Ireland Pitches Updated Transfer Pricing Rule To Be Aligned With Latest OECD Guidelines

; posted on
September 6th, 2019

The Irish Department of Finance published a Feedback Statement to modify the transfer pricing rules applicable to businesses in Ireland. It summarizes the proposed updated TP legislation and provides a final short window to seek input from stakeholders.

Corporation Tax Roadmap

The Feedback Statement is part of the ongoing consultation process on the implementation of various commitments arising from the OECD Base Erosion and Profit Shifting (BEPS) reports, related European Union (EU) Directives, and the recommendations set out in the Coffey Review as outlined in the Corporation Tax Roadmap published by the Irish Government on 5 September 2018.

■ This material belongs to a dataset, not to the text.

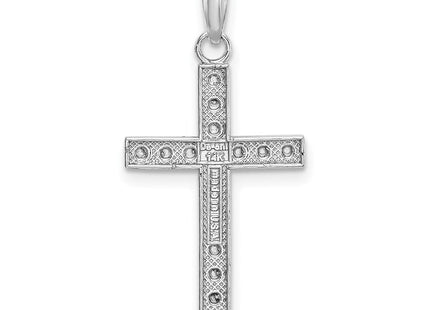 14k White Gold Jewelry Style K9594W - Classique Jewelry Inc.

Ireland’s Corporation Tax Roadmap also indicates an intention to have a public consultation in early 2019 to allow for the necessary changes to the tax code to be introduced in Finance Bill 2019 and to come into force from the beginning of 2020.

Key changes

Some of the key changes are as follows:

  • Adoption of the 2017 OECD Transfer Pricing Guidelines (TPG). Notably, this brings into Irish law the DEMPE concept, an updated framework to align profits with value creation. Implementation of the Approach to Hard-to-value Intangibles and the Revised Guidance on the Application of the Transactional Profit Split Method which were released after the updated 2017 OECD TPG. This highlights Ireland’s commitment to implementing international best practice from a TP perspective.
  • Inclusion of language which expressly applies the substance over form provisions in the 2017 OECD TPG. The sample legislation would require taxpayers to consider not just the arm’s-length pricing of related-party transactions, but also whether independent parties “would” have entered into the particular related-party transactions in the first instance. The legislation further allows for the re-characterization of transactions by Irish Revenue. Where the consideration is in excess of the arm’s-length amount, the excess will be treated as a distribution.
  • Applying transfer pricing rules to arrangements the terms of which were agreed prior to 1 July 2010 and which are currently outside the scope of transfer pricing legislation, which was almost universally supported, with some suggesting that there should be reduced or simplified documentation requirements for such arrangements.
  • Obliging taxpayers to have available the transfer pricing documentation outlined in Annex I and II of Chapter V of the 2017 OECD Transfer Pricing Guidelines (Master file and Local file), which was welcomed by many respondents, with some suggesting that there should be a revenue threshold for the documentation;
  • Applying transfer pricing rules to small and medium enterprises (SMEs), which was not supported by a majority of the respondents, with some suggesting that if SMEs are brought within the scope of the transfer pricing rules, there is a need to be proportionate in relation to the documentation requirements;
  • Extending transfer pricing rules to non-trading income and capital transactions, which was generally not supported by respondents, although the policy intent was recognized. The capital transaction includes the draft legislation pertaining to anti-avoidance provisions to prevent taxpayers from artificially separating transactions into a series of transactions to avoid reaching capital expenditure/market value thresholds; and
  • Extending the transfer pricing rules to branch profit attribution, which was broadly supported with some calls for further consultation on certain issues, including sector-specific impacts, interaction with tax treaties, and interaction with other areas of legislation.